THE plunge in US share prices has prompting predictions that the long bull market may have come to an end.
The catalyst was a profit warning from Hewlett Packard, the computer group, released after the market closed on Wednesday.
The Dow Jones Industrial Average fell by almost 100 points in early trading and an attempt to rally late in the morning failed. By early afternoon, the Dow was 114.14 lower at 5,489.51. It closed down 83.11 at 5,520.54. The market has not recovered from its near 115 point decline last Friday and as a result was nearly 300 points below its record closing high of 5,778.00 achieved in late May.
Mr Michael Metz, market strategist at Oppenheimer, said. "The whole bull market is over. We have seen the highs for the next year or so. He predicted the Dow could fall to 5,000 by the end of the third quarter.
Hewlett Packard shares closed down sharply and it was closing its disc drive manufacturing activity, which would result in a third quarter charge against earnings of
That news followed a warning late on Tuesday from Motorola, the semiconductor and telecommunications equipment group, of slowing growth and increasing price competition. That had pushed the Dow down by nearly 50 points on Wednesday morning, although the market recovered late in the day on computer driven trading.
Technology shares were the hardest hit yesterday, with the Nasdaq index, which contains many high tech stocks, falling 42.39, or 3.7 per cent, to 1098.80 in the early afternoon. However, analysts said the poor technology news was only a catalyst for the market's fall.
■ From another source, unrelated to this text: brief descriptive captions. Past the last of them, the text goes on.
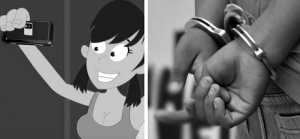 Un adolescente fue aprehendido por abusar de una niña, tras iniciar con la modalidad de sexting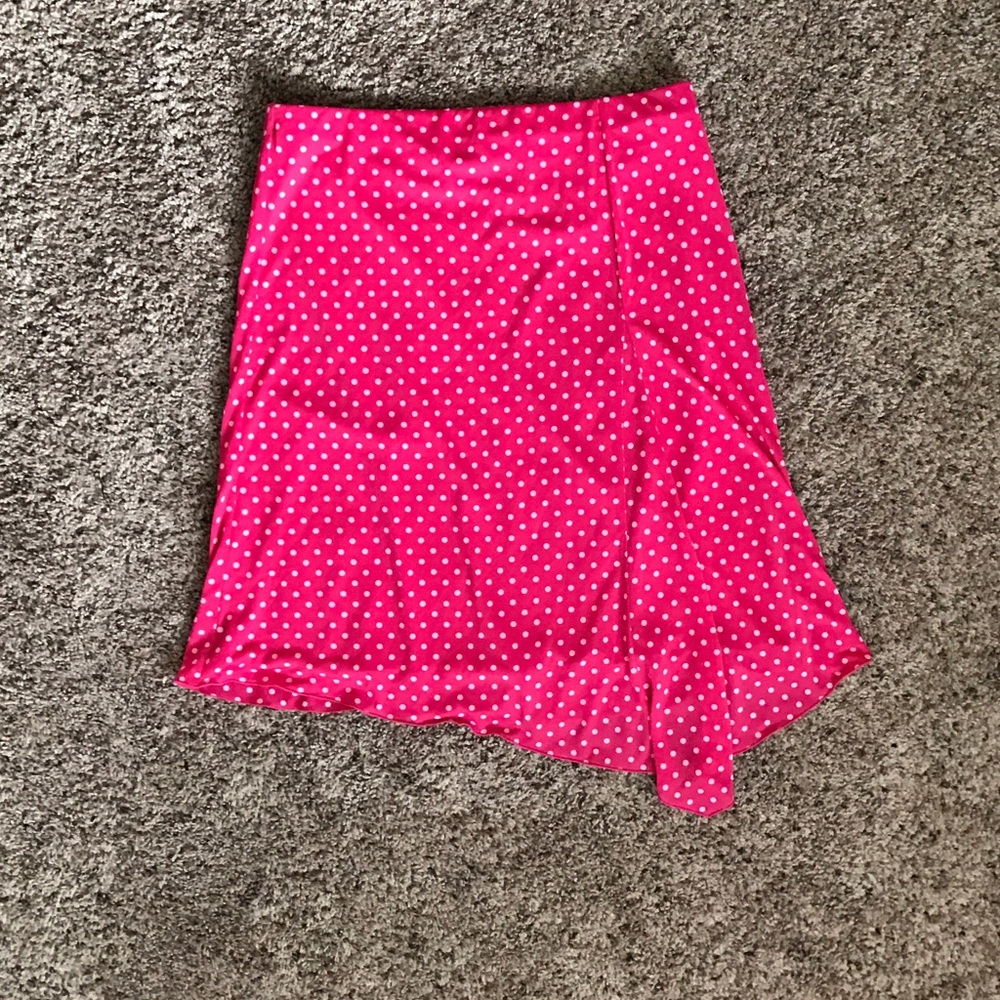 Express skirt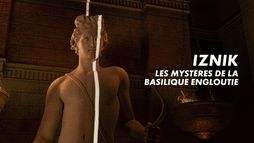 Iznik, les mystères de la basilique engloutie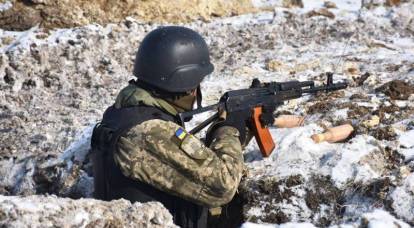 Sabotaj în masă: luptătorii forțelor armate ucrainene refuză să tragă în miliții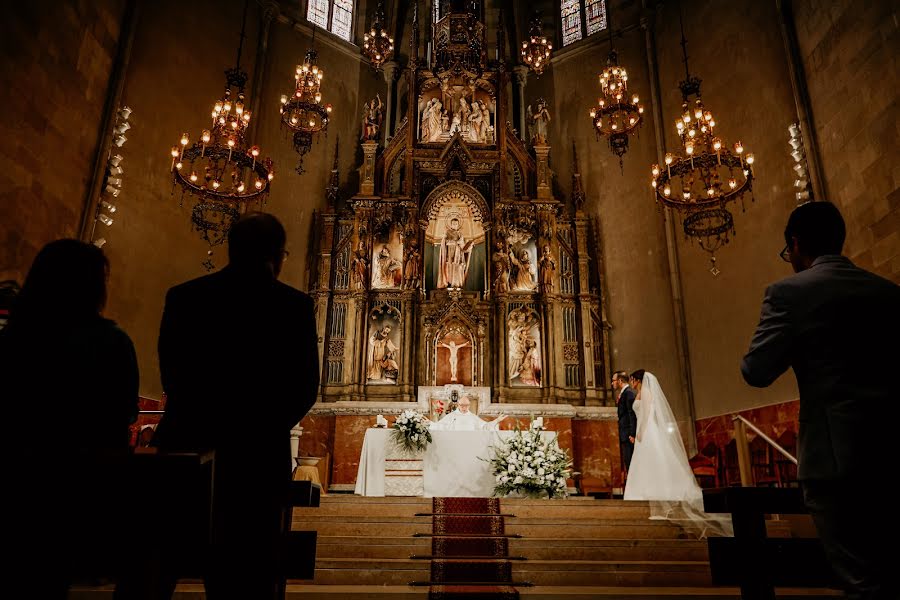 Fotógrafo de bodas Natalia Pinto (flowerpower). Foto del 23 de julio 2018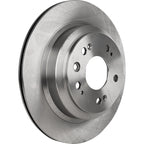 Disc Brake Rotor for Acura RL (2005–2012) Rear Solid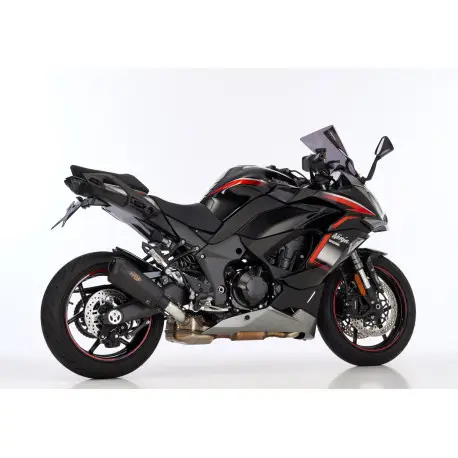 Authentique Echappement SHARK DSX-10 KAWASAKI NINJA 1000 SX 2020-2024 NINJA 1100 SX 2025-2026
Mr Stephen Roach, chief economist at Morgan Stanley, said. "The techs started it, but the market has been waiting for an accident. This may be it."
Mr Philip Jordan, of Daiwa, said there was substantial activity in the market as large investments managers decided to reduce the proportion of their portfolios devoted to shares. They were switching into the relative safety of fixed income securities, driving the bond market higher.
European investors have been concerned for some time that shares on Wall Street look expensive on measures such as dividend yields and asset values.
The continued strength of the US market has provoked growing unease in the British Treasury recently. Some officials believe that it presents a hazard in a year that has an otherwise healthy economic outlook.
In particular, officials point out that the pattern of stock market movements over the past year is potentially even more ominous that in the run up to the 1987 stock market crash.
European stock markets, which have much smaller high tech sectors than the US, fell only modestly yesterday, with investors conscious that Wall Street has rebounded quickly after previous falls.
In London, the FTSE 100 index lost early gains to fall 16.8 points to 3,749.0, while French and German markets each dropped by around 0.4 per cent. The Dublin market also lost ground in late trading.
However, a more sustained decline on Wall Street would hit world markets. Analysts are spotting signs that such a retreat is possible.